Başbakan Binali Yıldırım, "Kalkınma açığımızı kapatmamız lazım. Türkiye çok önemli bir yerde, eğer 4 yılda bir seçim olsaydı, hiç hükümet değişmeseydi, bugünkü 65. hükümet 2183 senesinde kurulacaktı. 2017'deyiz, 2183'e kadar daha çok zaman var. Amerika 228 yıl önce başlamış başkanlık sistemine, o günden bugüne bir yıl sapma yok, 45. başkanını seçti. İstikrar bu, istikrar olunca her şey oluyor." ifadelerini kullandı.

SEÇME VE SEÇİLME YAŞI

Yıldırım, 18 yaşla 25 yaş arasında 8,5 milyonluk genç nüfus bulunduğunu kaydederek, "Bu gençlere biz diyoruz ki: 'Sen seçerken bize lazımsın ama seçilme zamanı, hele dur, büyükler varken sen niye ön plana çıkıyorsun?' Seçiyorsa, seçilecek, seçme yeterliliğine sahip, seçilme yeterliliğine de sahiptir, bu evrensel hukuk kaidesidir.
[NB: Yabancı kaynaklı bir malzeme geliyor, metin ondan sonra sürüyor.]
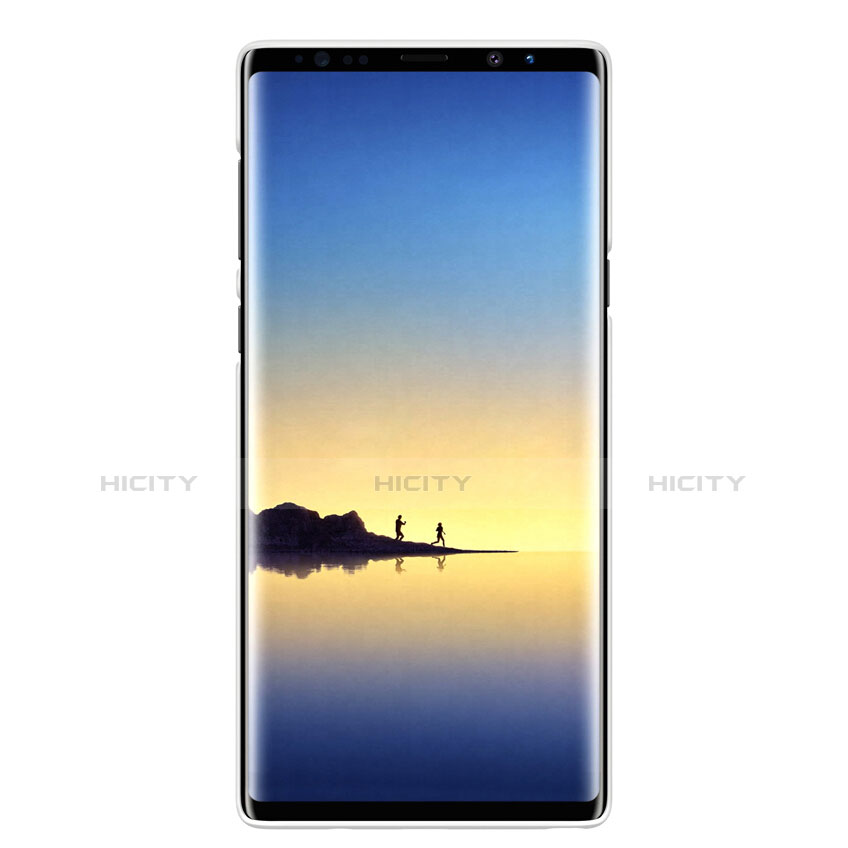 Coque Plastique Rigide Mat M04 pour Samsung Galaxy Note 9 Blanc Plus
Dolayısıyla ben bunun nesine karşı çıkıyorlar anlayabilmiş değilim, siz anladıysanız bana anlatın." değerlendirmesinde bulundu.

"16 Nisan'da bir karar vereceğiz, vereceğimiz karar şüphesiz milletin kararıdır, milletin kararı ne olursa olsun, başımız, gözümüz üstünde yeri vardır." diyen Başbakan Binali Yıldırım, konuşmasını şöyle tamamladı:

"Biz neden bu değişime ihtiyaç olduğunu her yeri gezerek, her vatandaşımızla buluşarak anlatacağız. Sizin de sivil toplum kuruluşları temsilcileri olarak bizim kadar sorumluluğunuz var çünkü bu, gelecek kuşakların kararıdır, çocuklarımızın, torunlarımızın geleceğine karar vereceğiz. Ya onların aydınlık geleceğini inşa edeceğiz ya da sorunları onların üzerine bırakıp bu dünyadan göç edeceğiz, bunu yapamayız. Bu sorumluluğu üzerimizden atamayız. Onun için 16 Nisan, inşallah demokrasimizin daha da güçlenmesi, ülkemizin 2023 hedeflerine daha kararlı bir şekilde ulaşması ve milletimizin birliği, beraberliği, kardeşliği ve bekası için önemli bir gündür."